Write every line of the material again exactly, with no pictures in the copy.

[Provided data — start]

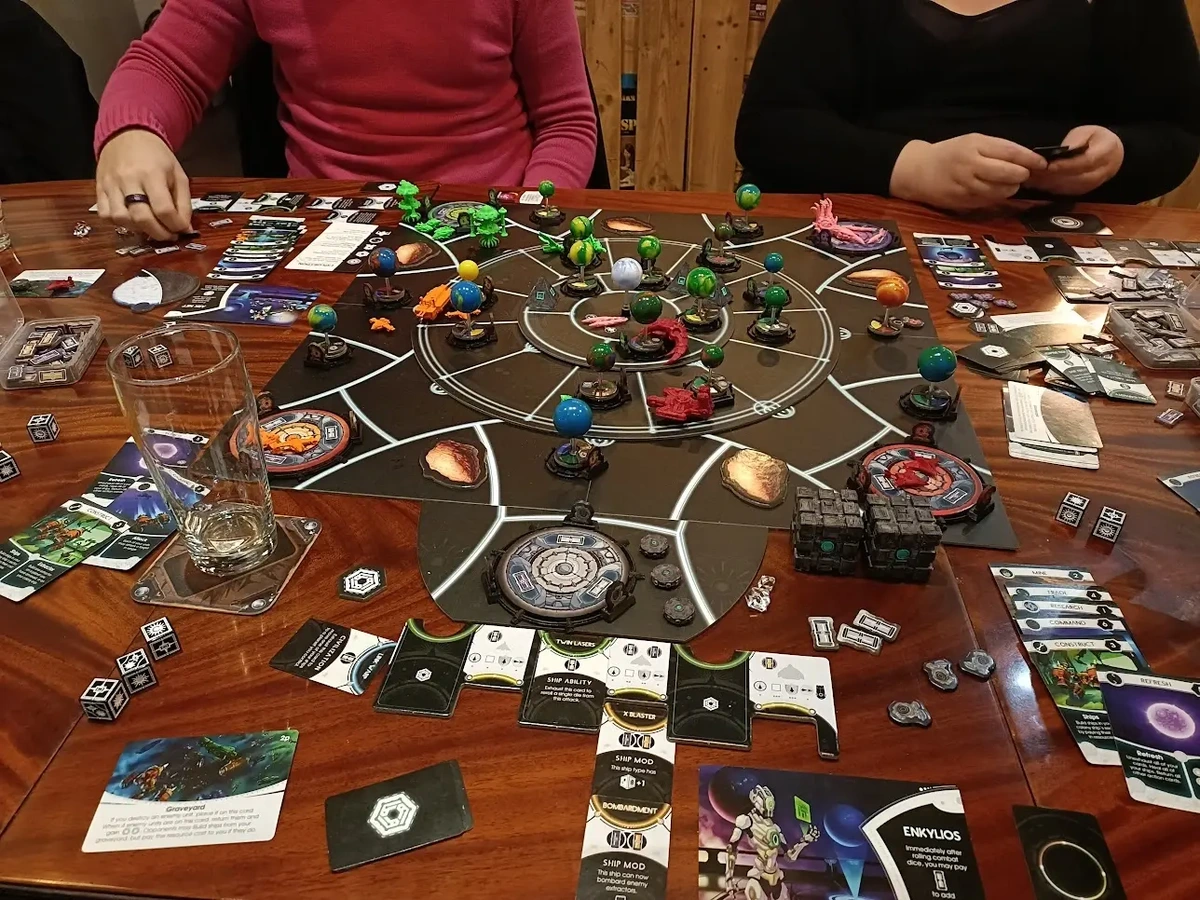 [Last Light] Managed to get all my new 3D-printed ships on the table. Very satisfied with the results!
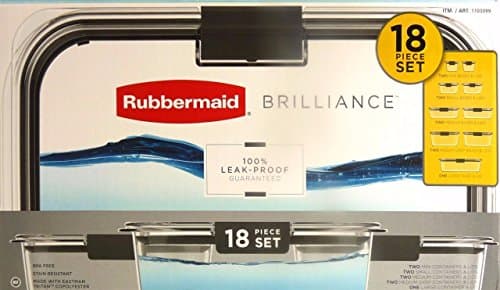Rubbermaid Brilliance 18-Piece Set thumbnail 2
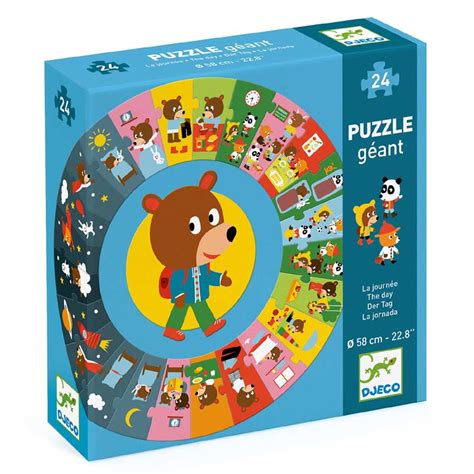 The Day Giant Circle Puzzle By Djeco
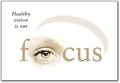 Healthy Vision Our Focus Postcard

[Provided data — finish]

== Your response ==
 [Last Light] Managed to get all my new 3D-printed ships on the table. Very satisfied with the results!
Rubbermaid Brilliance 18-Piece Set thumbnail 2
 The Day Giant Circle Puzzle By Djeco
 Healthy Vision Our Focus Postcard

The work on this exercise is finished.